By Ken Chigbo, Founder, KenMacro. Published 2026-05-13.

Quick answer

A no landing scenario describes a macro outcome where economic growth, employment, and consumer demand keep running near or above trend while inflation stays sticky above the central bank target. Unlike a soft or hard landing, activity simply does not slow enough to pull price pressures back, forcing policy to stay restrictive for longer.

What is no landing?

No landing is a macro forecasting label used by economists and rates desks to describe an economy that fails to decelerate despite restrictive monetary policy. Growth remains around or above potential, the labour market stays tight, consumer spending holds firm, and core inflation refuses to fall convincingly toward the central bank target. The term emerged as a counterpoint to soft landing (growth slows gently, inflation normalises) and hard landing (recession resets prices). In a no landing regime, the disinflation process stalls, real yields drift higher, and the central bank either holds policy tight or resumes hikes after a pause.

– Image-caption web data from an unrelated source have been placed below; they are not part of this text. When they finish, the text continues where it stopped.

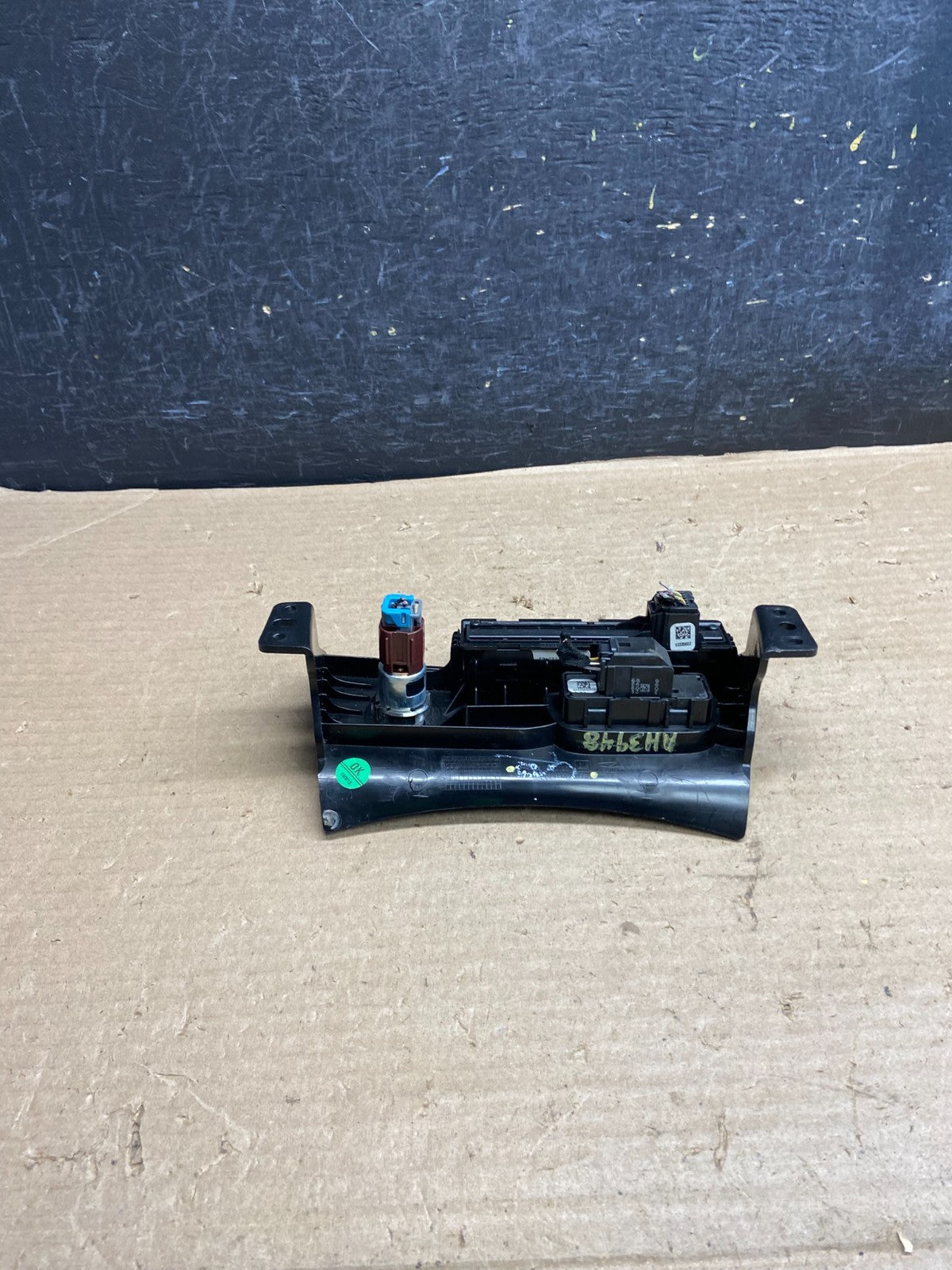 2013 2014 2015 Chevrolet Malibu Hazard Relay Switch Traction Control ah3948 DG3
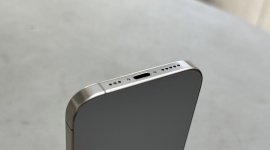 原装机iPhone16 Pro 256G 国行 无磕碰屏幕无划痕
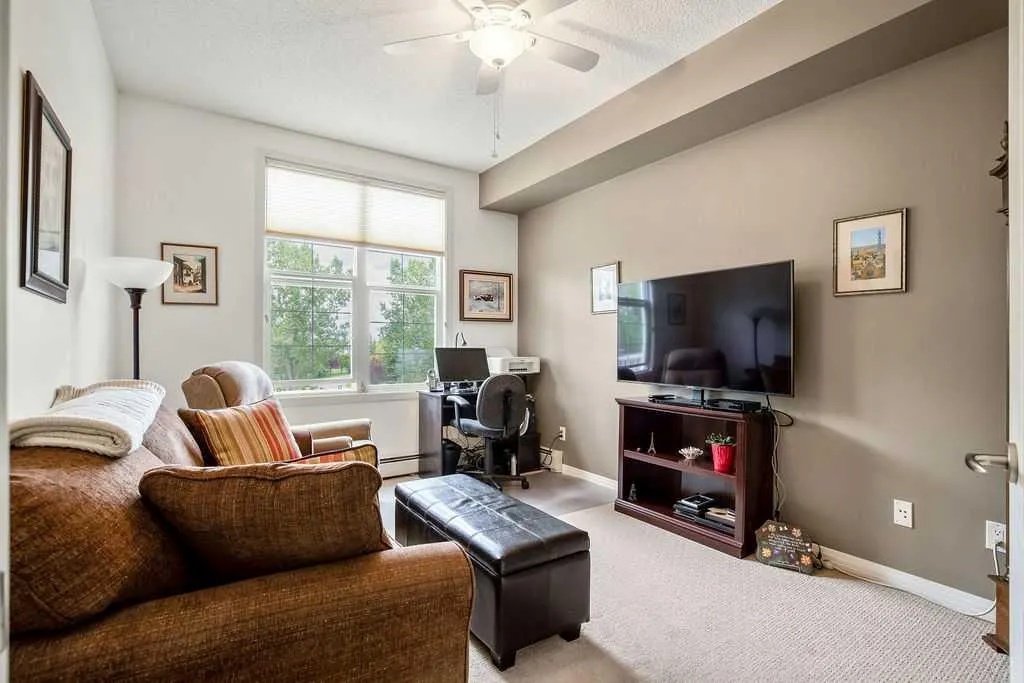 1 Crystal Green Lane, #311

How traders use no landing

Rates desks watch for no landing signals in the run of payrolls, services PMI, retail sales, and core services inflation excluding shelter. When these prints come in hot consecutively, the front end of the curve reprices higher, terminal rate expectations climb, and rate cut bets get pushed further out. Dollar strength typically follows because US growth divergence widens against Europe and China. Equity desks treat no landing as mixed: nominal earnings hold up, but valuation multiples compress as discount rates rise. Gold often behaves counterintuitively, holding firm on stagflation hedging demand. Retail traders watching the macro tape can track real yields on the ten year TIPS and Fed funds futures pricing on the CME FedWatch tool to gauge whether the market is migrating from soft landing toward no landing pricing.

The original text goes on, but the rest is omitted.